Observation Activities. I also developed several activities that encourage students to use their own observations to develop questions and hypotheses. These activities all required individual or small group observation, and then a larger group discussion.
One observation activity I developed was meant to help students develop skills to differentiate between leaves. I laid out a bandana, and placed 10 different leaves on it, collected from trees within a pre-determined area. The students were allowed to look at the leaves for about 15 seconds. Then, they needed to find leaves from the same tree species.

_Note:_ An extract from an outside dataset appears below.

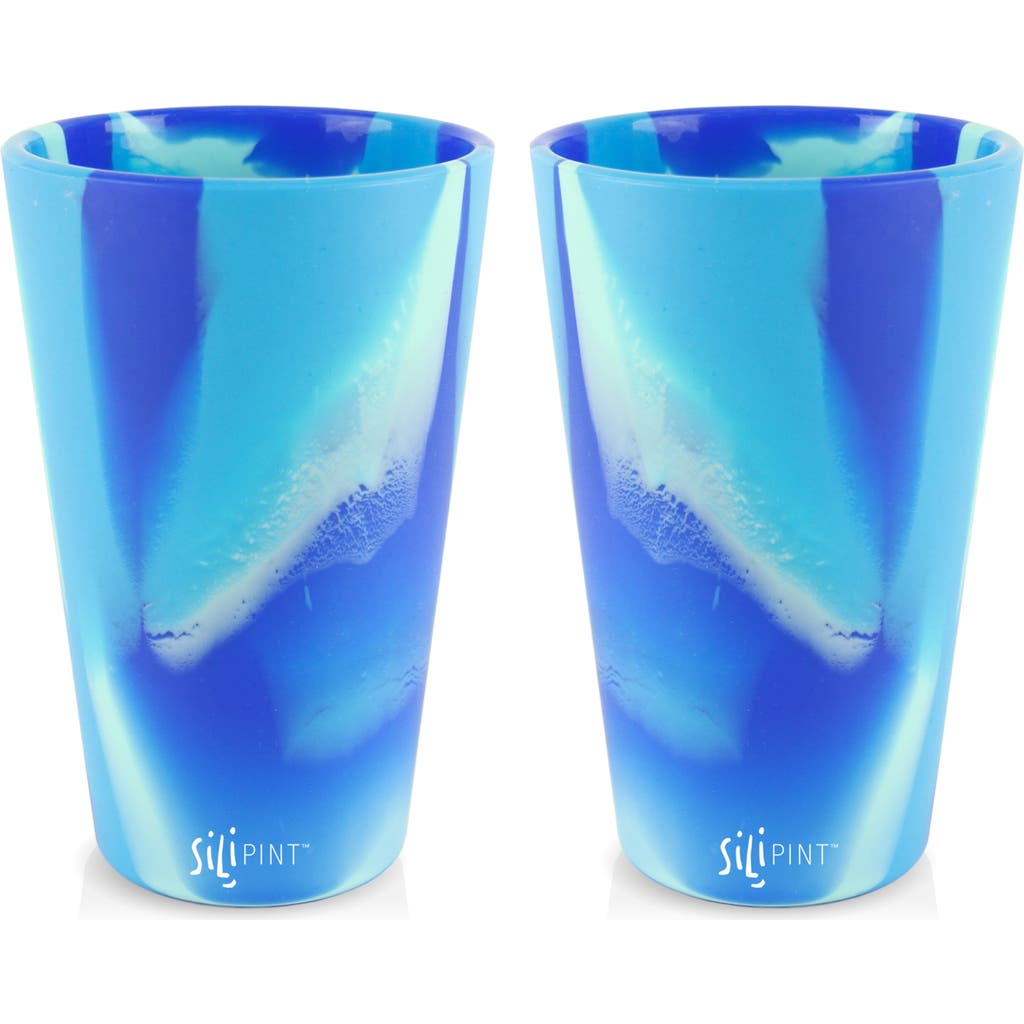 Silipint Silicone Pint Glasses 2 Pack Arctic Sky 16oz Unbreakable Cups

When we came back together, we used recently introduced terminology to describe the leaves (e.g., simple or compound, serrate or entire, elliptical or obovate).
Another observation activity I developed allowed students to observe elements of the landscape (e.g., tree species, tree age, types of fallen trees, types of herbaceous plants, and presence of old rock walls) to develop a timeline of ecological and human events at the site starting in 1800. In this activity, students worked in small groups and used a worksheet that guided their thinking. Then we came back together at an old cemetery hidden among the fallen cedars and discussed the timelines they developed.
Overall, my experience with the CIT Active Learning Fellowship provided me with a springboard for developing over a dozen new activities and a class culture of connection-building, careful observation, and discussion. The workshop also allowed me to lift “the veil of silence” and come to terms with my own experiences as a dendrology student over 15 years earlier.